Shit. I can’t check any of these off yet. Mamaz gonna light the fire cuando me regreso.
After grubbing at Pochote, I peeked into the door of a family servietas factory. They’ve been making servietas in this family for four generations and show no signs of stopping.
Hit and quit it stilo. Now headed back to OAX for some much needed R&R from my vacacione.
Went for a run this morning and ran right into a demonstration! I noticed that people were gathering and walking in a general direction, so I just followed along. Bonus of being on a run, is that you breeze past the unexpected. I ran past women, men, anarchists, photographers, extraños, and hella of policia.
Mexico is an amazing place, stricken with sour politics, but it has a momentum and an energy that is unmatched from what I’ve felt in the States. There is a sense of optimism and confidence amongst the people. While Mexico is far from third world, it is still developing and there is a sharp contrast between poverty and affluence here. However many Mexicans aren’t searching for the materialistic satisfactions that Americans desperately crave. For a majority of Mexicans, the ultimate goal here is family, justice, and education. They are confident in their likes/dislikes; tortillas will accompany most meals, and that included Chinese. I’m excited to take what I have learned here and apply it to my outlook on life and goals for the future.

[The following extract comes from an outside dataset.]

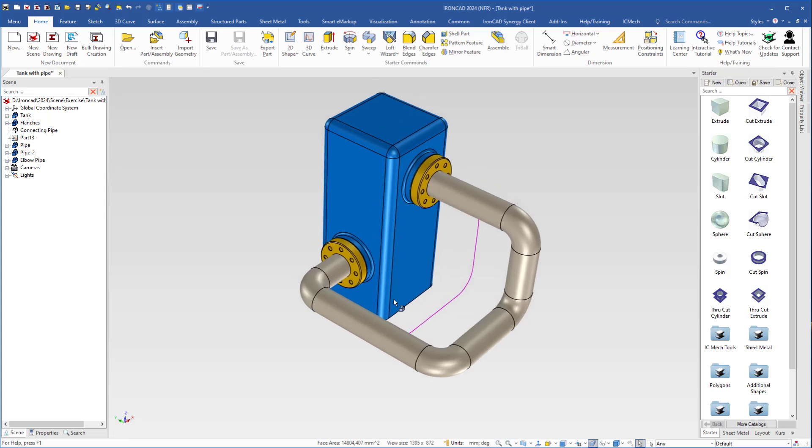So this is an easy way to create a pipe and to see if it will fit the design, and then separate the parts and create drawings of them. I hope you have found this tutorial useful — how to use a 3D curve to create a flexible pipe.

The Mayans said my spirit animal was a snail. This must be looking at the bigger picture, because my immediate animal speaks true to my Capricorn goat-ness: I tend to ram my head against the wall a couple times before I get it right. However, I do see myself making progress, slowly but surely; just please don’t sprinkle salt on me before I reach the finish line.
Diamonds are forever.
This city is a beast, but it’s the most multi-faceted animal you’ll ever encounter. Streets are lined with vendors selling everything from tarot card readings, milkshakes in bags, vintage books, crafts, and of course, tacos.
Today I hit up dos mercados. I think I could die grocery shopping, it is. hands down, my favorite pastime. The first mercado was in my neighborhood. I wandered the streets of Barrio Chino which bleeds into Centro Historico. Along the way i stopped for a coffee and then found this GIANT panaderia. I spent about 45 minutes just looking at all the pastries, a majority had just come out the oven; that freshly baked bread smell is such a panty dropper.

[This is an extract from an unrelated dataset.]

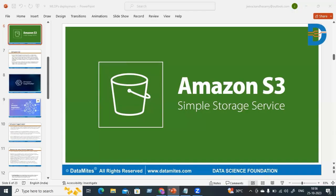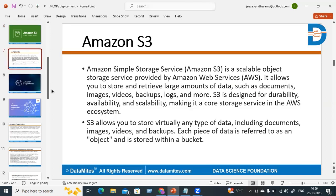In this video we are going to see about S3 buckets in AWS. S3 is used for storage purposes in Amazon Web Services. Amazon Simple Storage Service — that is what Amazon S3 is. It's a scalable object storage service provided by Amazon Web Services that allows you to store and retrieve large amounts of data such as documents, images, videos, backups, logs, and more.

I was told to check out Mercado Jamaica; a combo of food and flores. I have never seen so many flowers!!! Arrangements with roses in the shape of crosses and some that looked like dogs, there was even a **GASP** hello kitty shaped arrangement; Mexicans are so freakin talented!
I continued to buy flowers and verduras. Just to put how rad this place is into perspective: six dozen roses were goin for $50 pesos. FIFTY FUCKING PESOS! If my man didnt buy me flowers from here every week he’d be 86d! Squash, queso, dos rabanos gigantes for un peso. Then I had to buy some Huitlacoche. Can’t find that shit in the Bay. Throw in a star fruit, a prickly pear, and one mamey. On my way out I stopped for a blue maiz treat; it was kind of like a huarache: filled with black beans and topped with salsa verde, roasted nopales, and cotija.
i ran a train through that market and could’ve spend hours there if i had gotten there earlier. Man am I exhausted! So far, Mexico City has proven to be muy deliciosa.